Nvidia expects to generate roughly $91 billion in revenue next quarter, a sum larger than most countries' annual GDP, underscoring the relentless demand for AI chips.

The forecast comes as the world's largest cloud and AI companies dramatically increase capital expenditures. Alphabet raised its 2025 capex guidance to $91-$93 billion. Meta boosted its forecast to $70-$72 billion, with further increases expected in 2026. Microsoft is also accelerating spending on CPUs and GPUs.

To date, Nvidia has sold 4 million Hopper GPUs for $100 billion, and its next-generation Blackwell architecture is reportedly being pre-ordered at massive scale. Its CUDA software ecosystem remains a formidable competitive moat.
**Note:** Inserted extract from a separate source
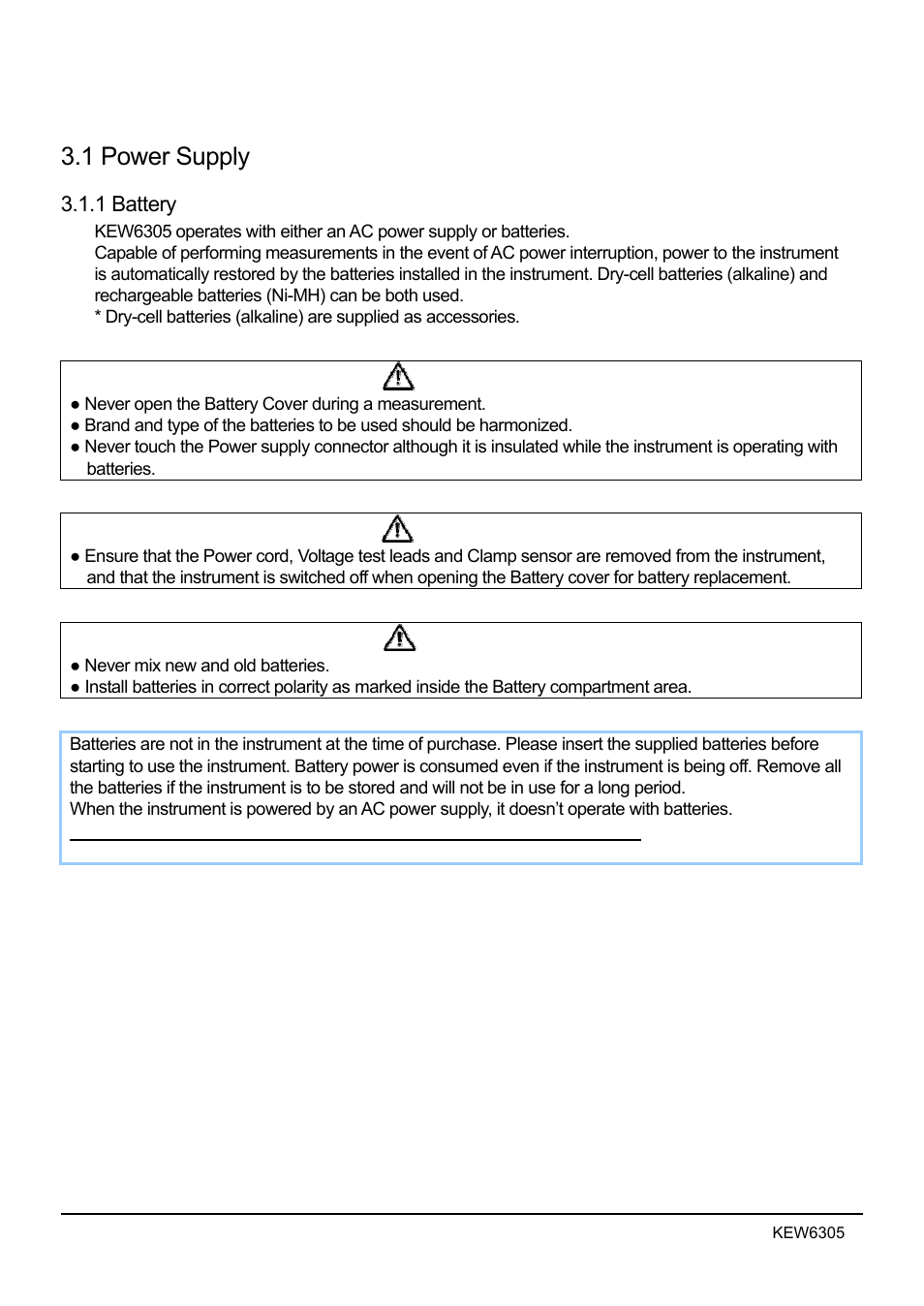 Getting started, 1 power suppy, 1 power supply | KYORITSU 6305 Instruction Manual User Manual | Page 22 / 138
This AI infrastructure boom has implications beyond tech. AI-adjacent crypto tokens linked to decentralized compute, GPU rental networks, and AI training protocols benefit from the narrative that compute is scarce and valuable. Nvidia's revenue guidance serves as a barometer for risk appetite across growth assets, including crypto.

The key metric for investors is the widening gap between centralized compute supply and total demand, which positions decentralized compute networks to capture overflow demand if they can solve latency and reliability issues.

However, cyclicality is a risk. Previous infrastructure booms, like the dot-com era, led to overbuilding. If AI monetization fails to keep pace, these capex numbers could turn into liabilities. For now, the spending trend shows no sign of slowing.